De gemiddelde mens leeft zijn hele leven, zonder deze aanname – dat er een autonoom ik is – ooit in twijfel te trekken. Het is een gegeven; ik ben ik. Klaar! Het is de ik die denkt, voelt, ademt, naar de wc gaat, verliefd wordt, keuzes maakt, verdrietig is, slaapt en wakker wordt, ruzie maakt, standpunten inneemt, verlangens heeft, enzovoorts. Het ik is het brandpunt van ons leven. Alles wat we ervaren in het leven, alle problemen, successen, mislukkingen, drama’s en dilemma’s spelen zich allemaal af rondom deze veronderstelde entiteit. Alles wat je doet en meemaakt wordt ogenblikkelijk gerelateerd aan een ik. Me, Myself and I. Wat is het woord dat je het meest gebruikt in je leven? Precies…….. IK!
Het lijkt dus zo te zijn, dat er op een bepaald moment in onze vroege jeugd een radicale kentering plaatsvindt. Vanaf je leven in de baarmoeder tot aan dat moment gaat alles helemaal vanzelf. Het kind wordt gedragen door een universele intelligentie die zorgt dat alles gebeurt wat er moet gebeuren. Er is nog geen ‘doener’ die verantwoordelijk is. Maar dan doet plotseling het idee een afgezonderd persoon te zijn zijn intrede. Dit personage lijkt zich af te splitsen van het geheel en schijnt eigenhandig de regie over te kunnen nemen over ‘zijn’ leven.
De suggestie die in dit boek wordt gedaan, is dat het idee van individualiteit een illusie is, een hypnotische toestand, een droom, die overigens nog steeds wordt gecreëerd door dezelfde dragende kracht die ervoor zorgde dat je hart begon te kloppen, dat je geboren werd, dat je begon met ademen, dat je begon te drinken en op een gegeven moment begon met denken. Ook het idee dat je een op zichzelf staand wezentje bent, is afkomstig van dezelfde bron, dezelfde universele intelligentie. Deze gedachte werd niet gecreëerd door jou. Geen enkele gedachte was ooit van jou.

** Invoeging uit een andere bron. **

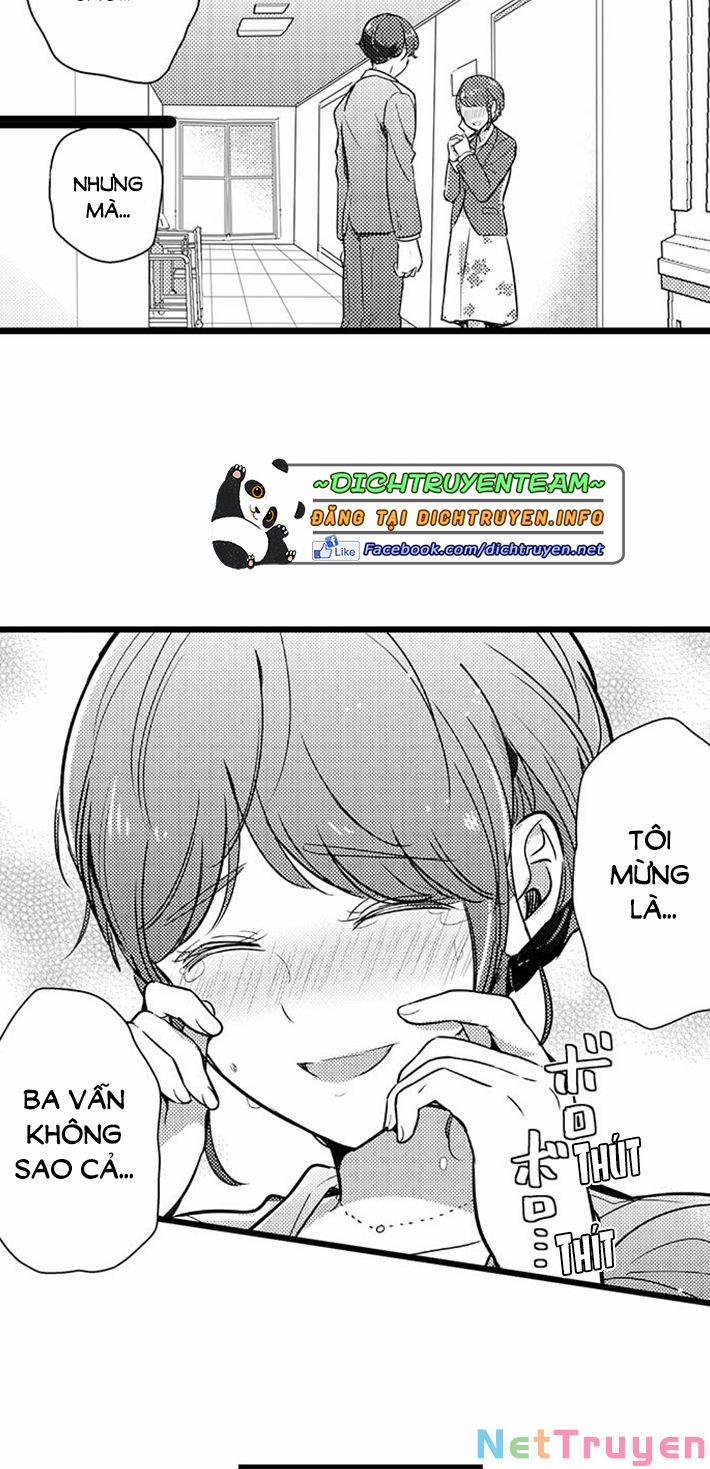 Sai Rồi, Sếp Tây Nhà Tôi Không Phải Là Quý Ông Đâu! 74 trang 11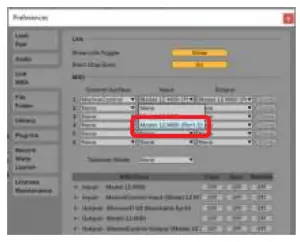 TASCAM Multitrack Recording Console User Manual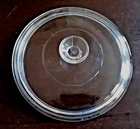 G1C Glass Lid Fits Corningware F-1-B & B 2 1/2;  Pyrex 024 2qt; & Glasbake J2429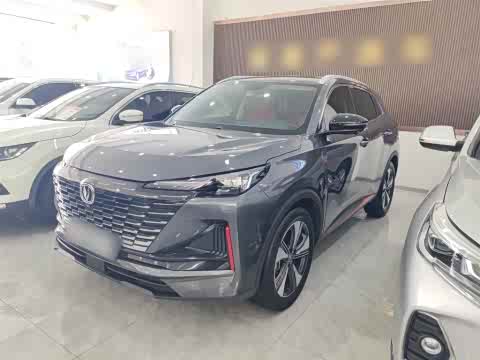 Changan CS55 PLUS 2022 1.5 T DCTPremium — фото 16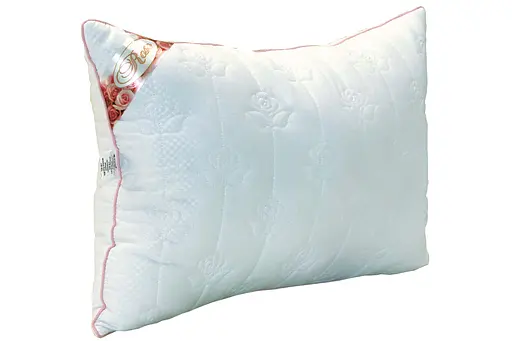 Подушка Руно 50х70 с волокна розы "Rose" 310.52Rose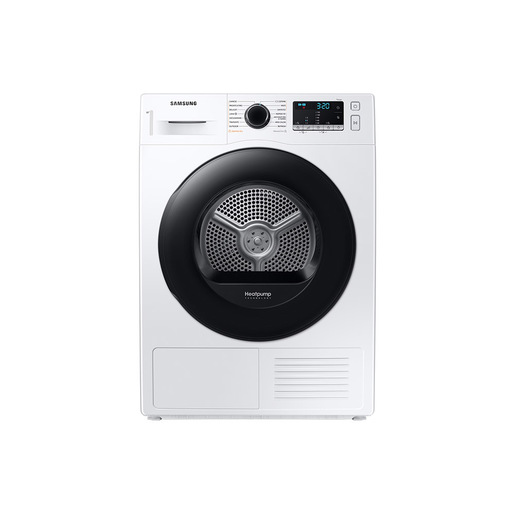 Samsung DV80TA220AE asciugatrice Libera installazione Caricamento frontale 8 kg Bianco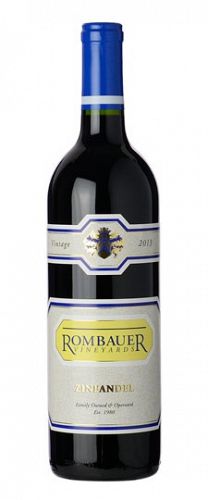 Rombauer Zinfandel 2018 750ml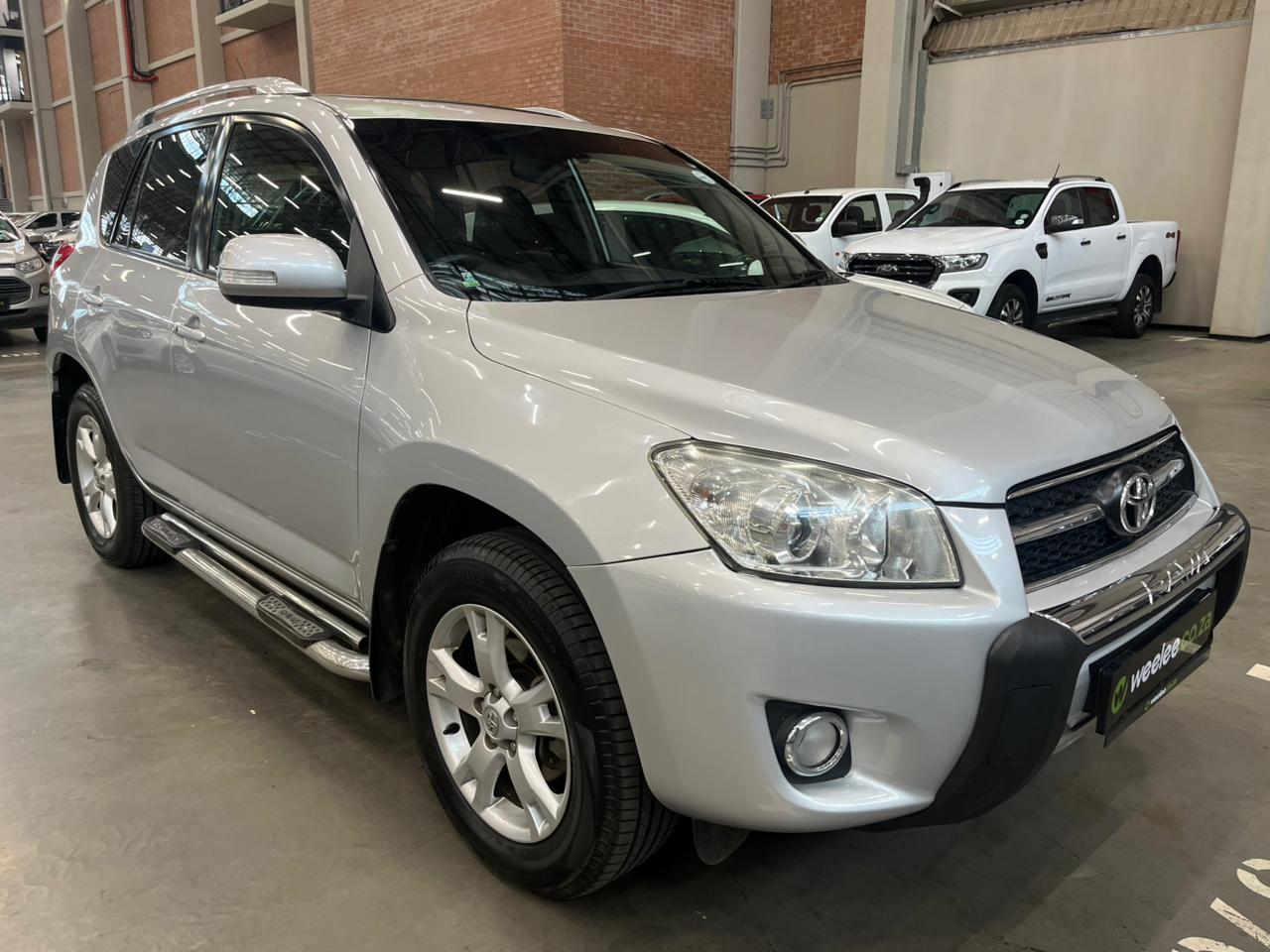 TOYOTA RAV 4 RAV4 2.2D-4D VX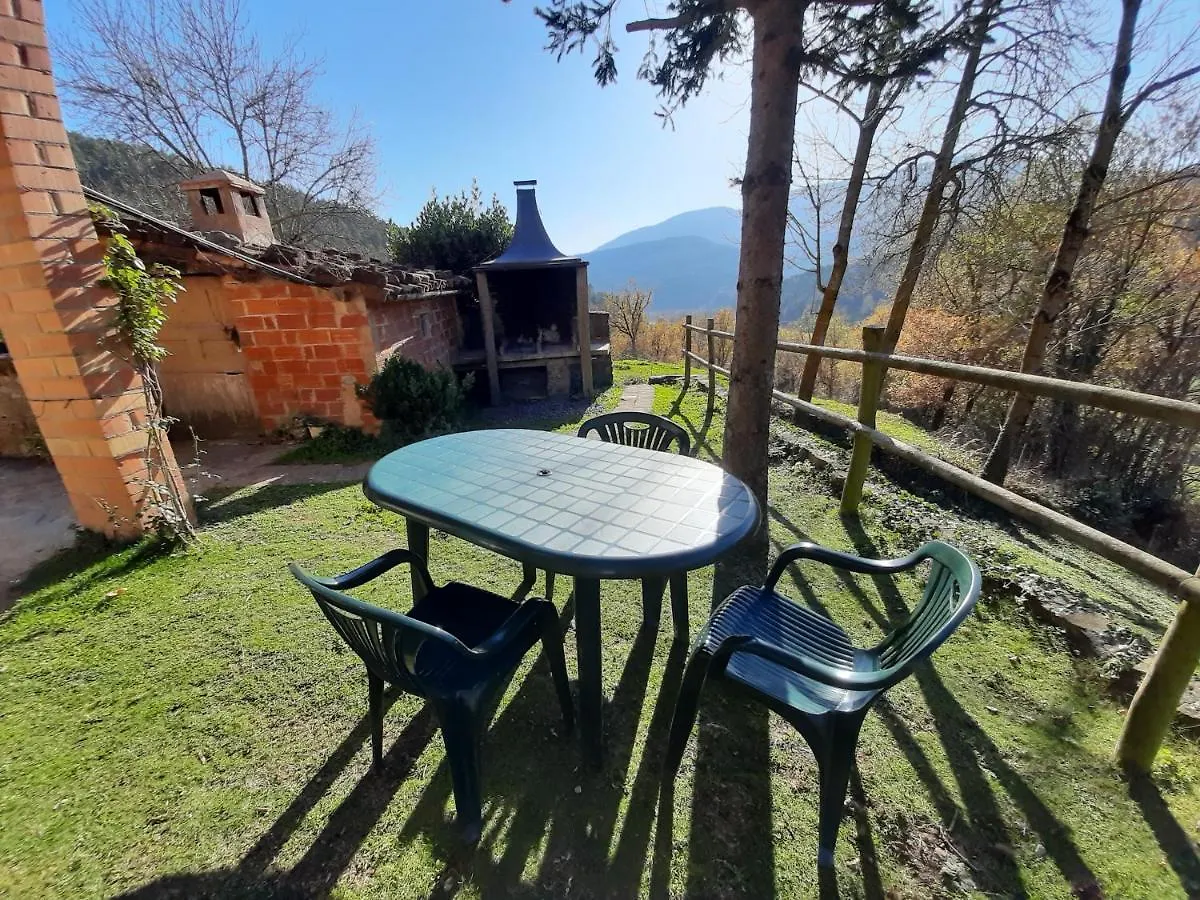 Casa Rural Mas Pujol Campdevanol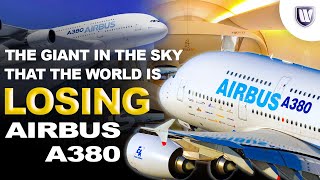 IS THE JOURNEY OF THE AIRBUS A380 OVER ? by World Bourgeon 2,657 views 2 months ago 8 minutes, 32 seconds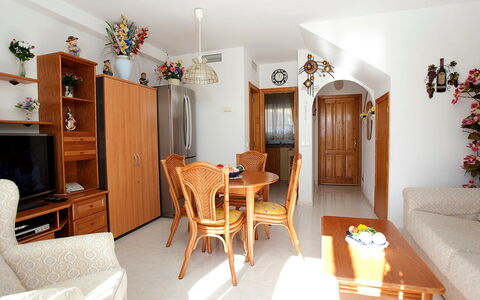 Calpe Calp 971: Pièce, Propriété, Meubles, Design Intérieur, Bâtiment, Maison, Salle À Manger, Sol, Immobilier, Plafond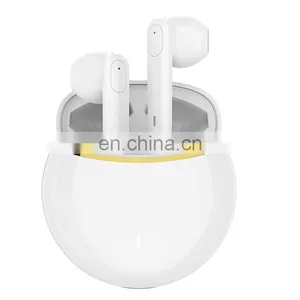 Noise Cancelling QI Stable Sound Qualty Smart Sensor Qualcomm V5.0 TWS Wireless Earphone Earbuds thumbnail-1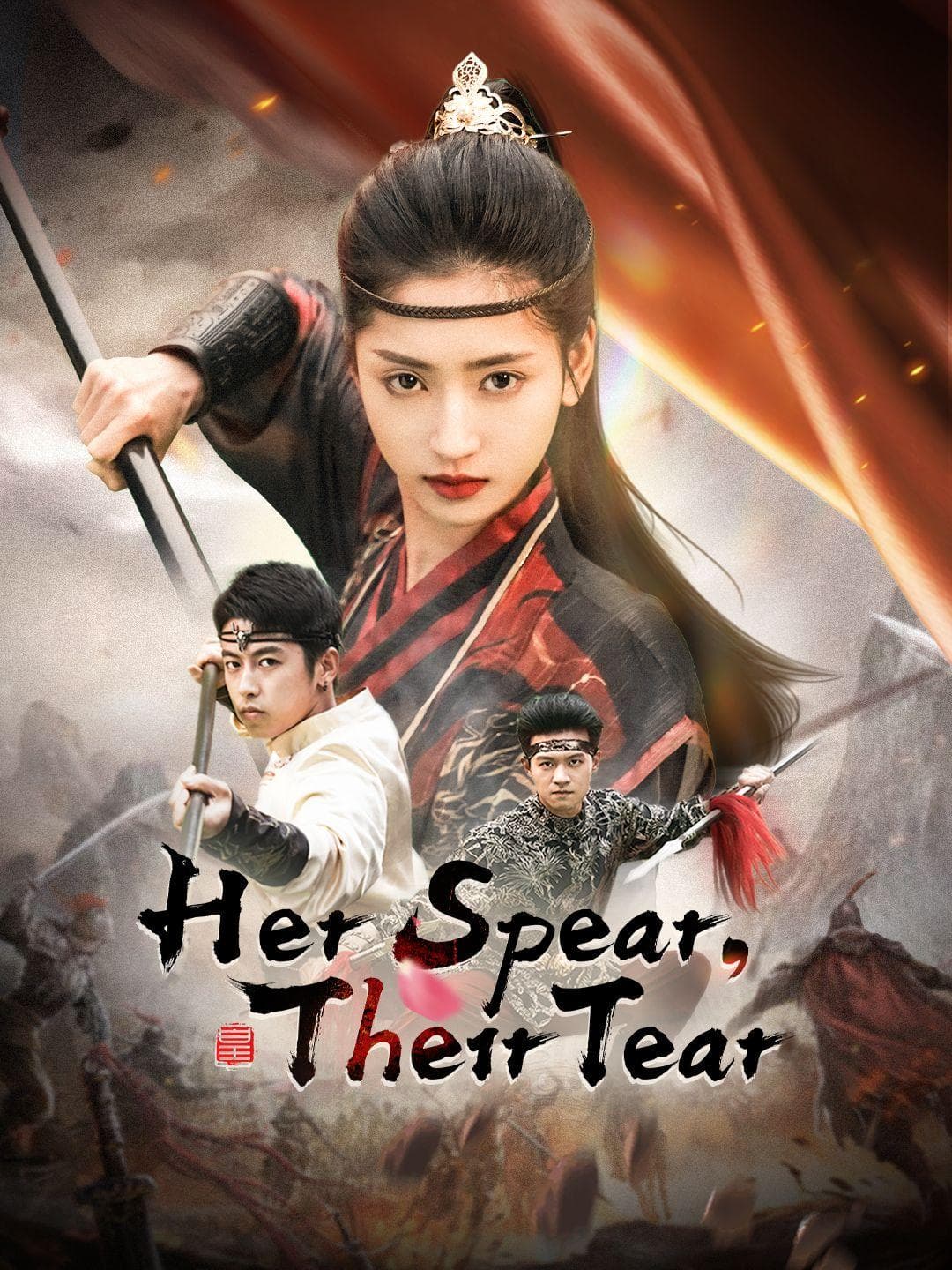 (Dubbed)Her Spear, Their Tear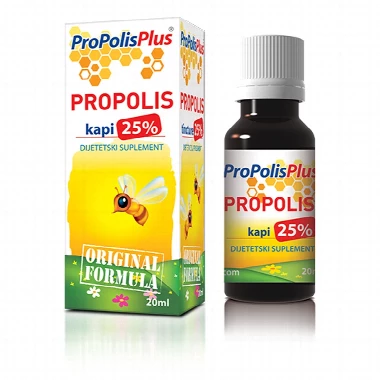 Propolis kapi 25%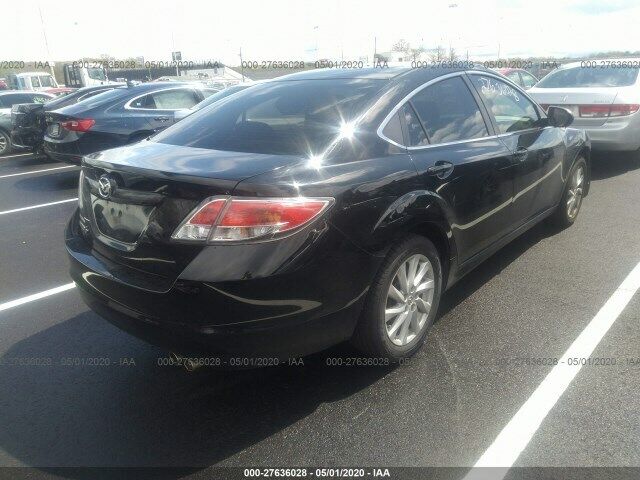 09 10 11 12 13 Mazda 6 Front Passenger Side Axle Shaft OEM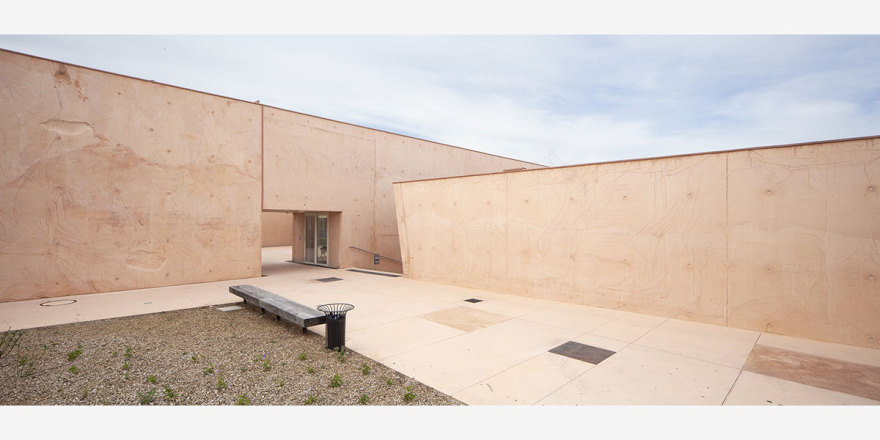 Flavin文化体育中心丨法国丨CoCo architecture等多家-21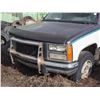 Image 2 : GMC 1500 Ext Cab Pickup 4x4 For Parts, Manual In Truck Was a 1993, Serial #2GTEK19K9N1537150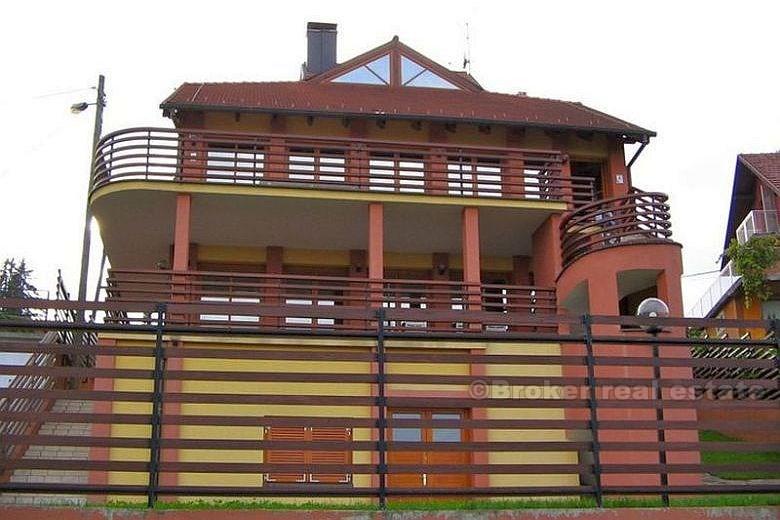 Samobor, luxusní vila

Hoewel we denken als een autonoom wezen met een vrije wilsbeschikking door het leven te gaan, gaat het leven zonder dat we dit beseffen dus nog stééds helemaal vanzelf. Terwijl we ons geïsoleerd en eenzaam voelen worden we zonder het te beseffen nog steeds gedragen door het grote geheel. Je was nooit alleen, je was nooit verlaten door God, je was altijd thuis, je droomde alleen maar dat het niet zo was. Net zoals alle processen in de natuur volkomen vanzelf gaan – de vogels die in het voorjaar een nest bouwen en in het najaar naar het zuiden trekken, de bloesems en bladeren aan de bomen die uit hun knoppen komen – zo ook voltrekt het drama van het menselijk leven zich helemaal vanzelf. Het idee dat dit niet zo is, het idee dat ‘wij’ de doener zijn, is een grandioze zinsbegoocheling, een massahypnose met slechts éen dirigent aan het roer, slechts éen verantwoordelijke: bewustzijn, eenheid. Wie had ooit kunnen denken dat het allemaal maar een droom was? En wie had kunnen denken dat juist het ontwaken uit deze droom, de capitulatie van het ego, een ultiem bevrijdende ervaring zou zijn?